| Reino: | Animalia |
| Filo: | Chordata |
| Classe: | Aves |
| Ordem: | Strigiformes |
| Família: | Strigidae |
| Leach, 1820 | |
| Espécie: | G. mooreorum |
O Caburé-de-pernambuco é uma ave Strigiforme da família Strigidae.
Seu nome significa: do (grego) glaukidion = diminutivo de glaux = pequena coruja, corujinha; e de mooreorum = homenagem ao Dr Gordon Earle Moore (1929) empresário e filantropo americano, co-fundador e presidente da Intel Corporation. ⇒ Corujinha de Moore.

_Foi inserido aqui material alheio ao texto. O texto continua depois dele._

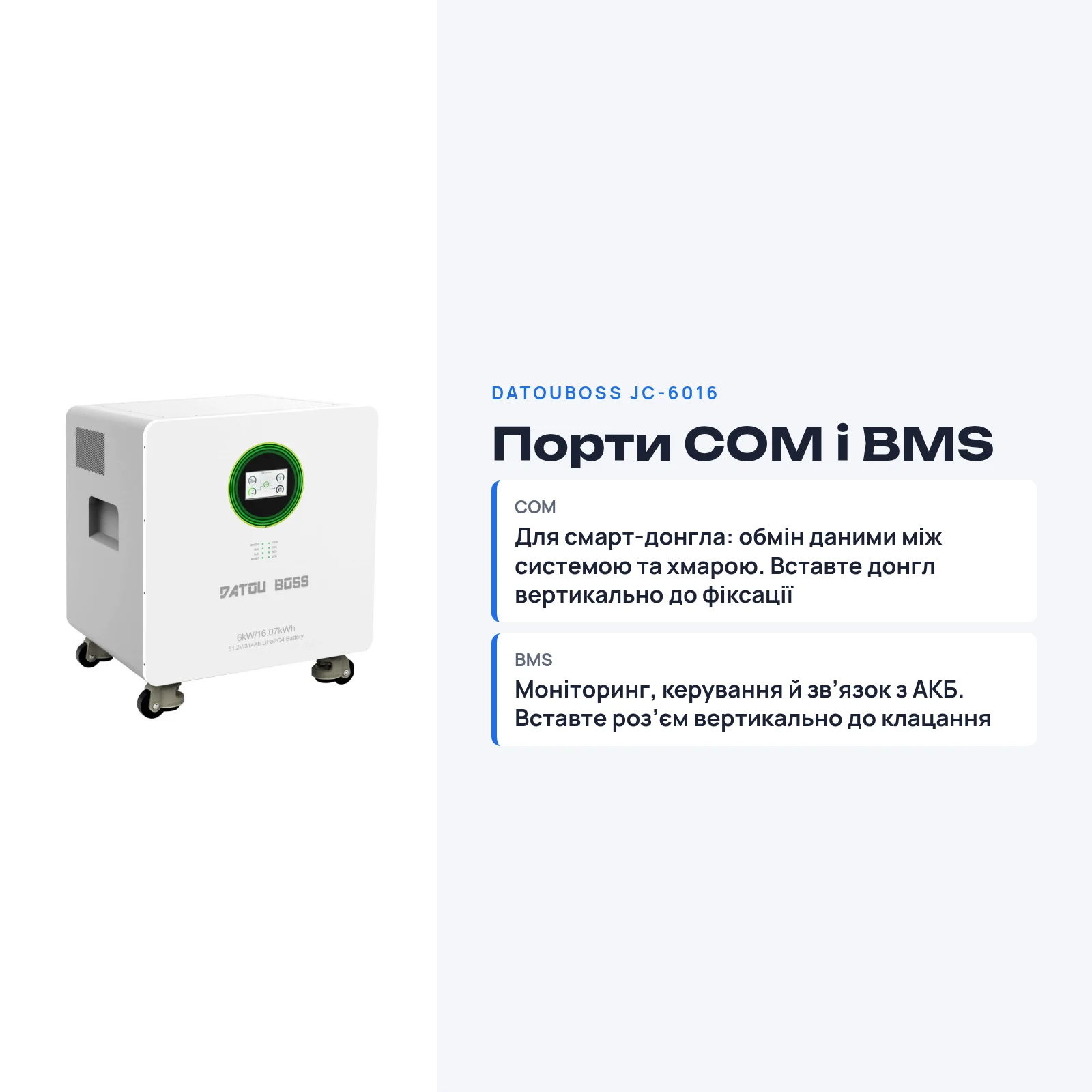 DATOUBOSS JC-6016 — Система All-in-One 6 кВт + 16,07 кВт·год, фото 8 з галереї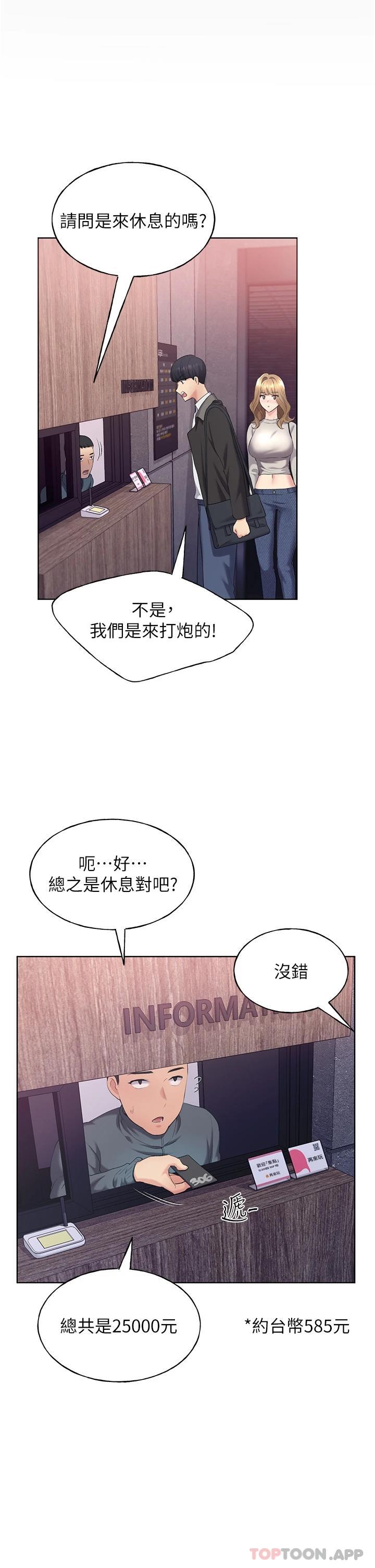 第4话-傲慢无礼的下场 - 第32.jpg页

A espécie foi descrita recentemente, em 2002, baseado em dois exemplares taxidermizados da UFPE, procedentes da Reserva Biológica de Saltinho (PE) de 1980. Esta reserva está inserida na APA de Guadalupe onde existem outros fragmentos de mata com uma matriz predominante de cana-de-açúcar, mas existem exceções como plantio de seringueiras. É possivelmente associada ao complexo de espécies de G. hardyi (da Amazônia) e G. minutissimum (principalmente do SE). Possui pequenas diferenças de coloração, morfometria e principalmente de vocalização.
A região onde esta espécie ocorre é uma área de endemismo (Centro Pernambuco) bastante distinta para aves e outros grupos de organismos sul-americanos. A avifauna endêmica dessa área possui espécies ou subespécies que têm os táxons mais próximos ou na Amazônia ou na Mata Atlântica ao sul do Rio São Francisco. Esses fatores ajudam a indicar que a área poderia ser, no passado, um “refúgio”, onde a mata manteve-se presente durante os períodos mais secos do Pleistoceno, criando “ilhas” onde a fauna e flora evoluíram em condições únicas.
A nova espécie está aparentemente à beira da extinção. Sua pequena área de ocorrência é caracterizada principalmente por pequenos fragmentos florestais. Um planejamento biorregional envolvendo a restauração de floresta em áreas críticas e o estabelecimento de corredores ecológicos para conectar os poucos fragmentos remanescentes é sugerido como melhor estratégia.
Visto na natureza pela última vez em 2001. (SILVA, J., RIBENBOIM, L. C. da C., SANTOS, N., 2017)
Muito similar a G. hardyi e especialmente G. minutissimum, com pintinhas no alto da cabeça e nuca. Mede em torno de 14 cm.
Muito pouco se sabe sobre a sua alimentação, provavelmente similar à outros Glaucidium, ou seja, insetos grandes, pequenos mamíferos, répteis e aves.
Nada se sabe até o momento, mas, como outros Glaucidium, deve nidificar em cavidades naturais em árvores, como em ninhos abandonados de pica-paus.
Hábitos pouco conhecidos. Habita florestas de baixada, florestas estas infelizmente muito devastadas e fragmentadas. Amostragens em florestas próximas em altitudes mais altas, de 400 a 600m, não registraram a espécie.
Até o momento encontrada apenas na região dos municípios de Rio Formoso e Tamandaré - PE. Em municípios próximos à Rebio de Saltinho algumas espécies de aves (Xiphorhynchus atlanticus, Chlorophanes spiza, Icterus pyrrhopterus) responderam de forma agonística ou assustada ao playback, porém não houve registro da espécie.